16 de janeiro de 2017 | 15h15

As primeiras semanas de João Doria à frente da Prefeitura de São Paulo foram marcadas por dois movimentos, opostos e não combinados.

Diante dos holofotes, Doria encarnou um prefeito faz-tudo e nonstop: de segunda a domingo, sempre nas primeiras horas, lá está ele varrendo ruas, pintando paredes, construindo calçadas, andando de bicicleta, comendo no bandejão, comandando reuniões…

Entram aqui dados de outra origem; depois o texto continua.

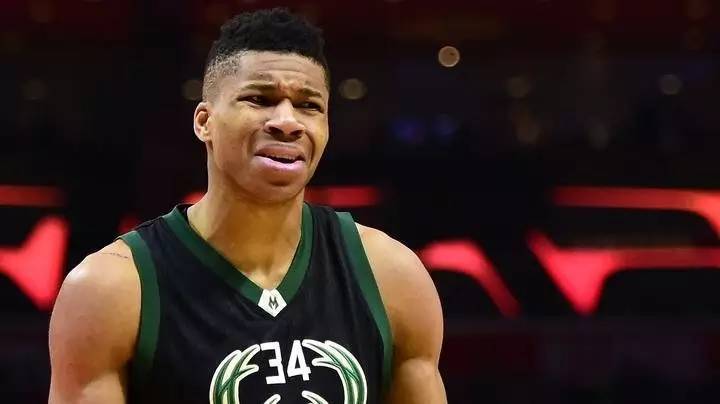 开云APP- C罗焦点对战，字母哥与70激战勇士分钟，出色发挥胜负难料！赢得满堂喝彩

Nos bastidores, sua equipe se inteirou da situação financeira e fiscal deixada por Fernando Haddad, e o retrato pouco combina com as metas ousadas anunciadas pelo prefeito na campanha, na transição e depois da posse.

Existe um enorme desvão entre o que o Orçamento deixado pelo petista prevê de receita para várias pastas e rubricas e não apenas a expectativa de despesas, mas mesmo o realizado no ano passado.

O caso mais gritante é justamente aquele que Doria mais contribuiu para agravar: o do subsídio às empresas de ônibus. Ao investir no populismo tarifário na campanha e prometer que o preço das tarifas não seria reajustado neste ano, Doria contratou para si uma despesa de cerca de R$ 400 milhões.

O que não podia adivinhar, e agora sabe, é que já faltavam cerca de R$ 800 milhões no Orçamento para cobrir essa conta. O secretário de Fazenda, Caio Megale, dizia a interlocutores no fim de semana que teria de “achar” R$ 1,2 bilhão só para essa despesa.

Se o caso dos ônibus é o mais grave, está longe de ser o único: o cobertor é menor que o corpo também na educação, na assistência social e na zeladoria, conforme levantamento já feito.

Assim, Doria vai apostar nas renegociações de contratos e alugueis para tentar economizar um pouco, no contingenciamento de recursos de pastas, por outro lado, e nas parcerias com a iniciativa privada para tentar obter mais receitas, seja na forma de venda de ativos da prefeitura ou de convênios que repassem ao empresariado alguns encargos públicos.

Por ora, a conta não fecha. Auxiliares do prefeito gostariam que ele fizesse como José Serra fez em 2005, quando enfileirou fornecedores na frente da prefeitura, cortou pagamentos e anunciou que Marta Suplicy deixara instaurado o caos financeiro em São Paulo.

Doria gosta de Haddad e tem dito que não promoverá uma caça às bruxas de sua gestão. Prefere estigmatizar o PT e o ex-presidente Lula, numa dobradinha com seu padrinho político e presidenciável Geraldo Alckmin.

O temor de seus aliados é que, passada a lua-de-mel da opinião pública e dos eleitores com o “João Trabalhador” — em suas versões gari, pintor, operário, ciclista e o que mais pintar nos próximos dias — ele comece a ser cobrado das promessas. Aí será tarde para atribuir eventuais fracassos a Haddad. Parecerá desculpa, algo para que o eleitor está cada vez mais vacinado.